Maybe 20 minutes into our ride, we were on North Main Road, passing the entrance to West Reach Estates. The top was down. The windows were down – it was a gorgeous day.
I noticed something moving out of the corner of my eye. I looked toward my elbow, which was partly hanging out the open window. There was a mouse. It was hanging on for dear life as it tried to navigate the length of the door, headed for the presumed safety of the dashboard. I let out a girly scream and pointed in mock horror at our “guest.”
It made it to the dash, but for some reason, decided it wanted to get onto the hood. It rounded the window and, looking like an aerial wing-walker, got itself onto the outside of the window – all this at 40 miles an hour!
So, guess what my husband does? He turns on the windshield wipers!
The poor mouse was hanging on to the passenger-side wiper for several swipes when it finally got up the nerve to let go and plunge into the wiper well, where we didn’t see it again. Good!

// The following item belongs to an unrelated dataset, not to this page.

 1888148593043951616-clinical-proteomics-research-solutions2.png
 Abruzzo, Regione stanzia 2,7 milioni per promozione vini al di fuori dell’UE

The next time my husband asked if I wanted to go for a ride, I asked him to open both the hood and the trunk and to bang something loudly on both ends of the car or I was not getting in. He did and I inspected all the various orifices of the vehicle before I sat down.
It still smelled funky and there was plenty of evidence that the tenants were still living in the car.
Last weekend, we took the car out of the garage and opened all the doors, windows, the trunk and hood. In the trunk, we discovered that the vinyl “boot,” which covers up the convertible top when it’s down, was full of holes. The foam rubber was mostly gone and it was unsalvageable, so it went into the trash.
We also discovered that the fire-retardant blanket material that lines the underside of the hood was also disturbed, so we removed it and found three nests – the largest of which was about the size of a loaf of bread. It was made up of flaked foam rubber, the masticated vinyl from the boot, and some of the asbestos blanket.
I have to give the mice credit – it looked like a very cozy and fireproof place to live.
We got out the leaf blower and blew away all the evidence of the mice, their abodes and their litter. Then, we got out the Rabbit Scram – a product we use to keep the rabbits out of the garden. I made sachets out of cheesecloth, which we placed around the car and tucked up under the hood.
There’s a reason why Rabbit Scram is effective – it stinks! It smells sort of like curry, but different and very intense.
So, we have rid the car of guests, and have eliminated the smell of pee. My only problem now is that the car smells like the Kabob and Curry Express!
If you happen to be walking through town and notice a nicelooking blue Cutlass and wonder why all of a sudden you are craving Indian food – now, you know.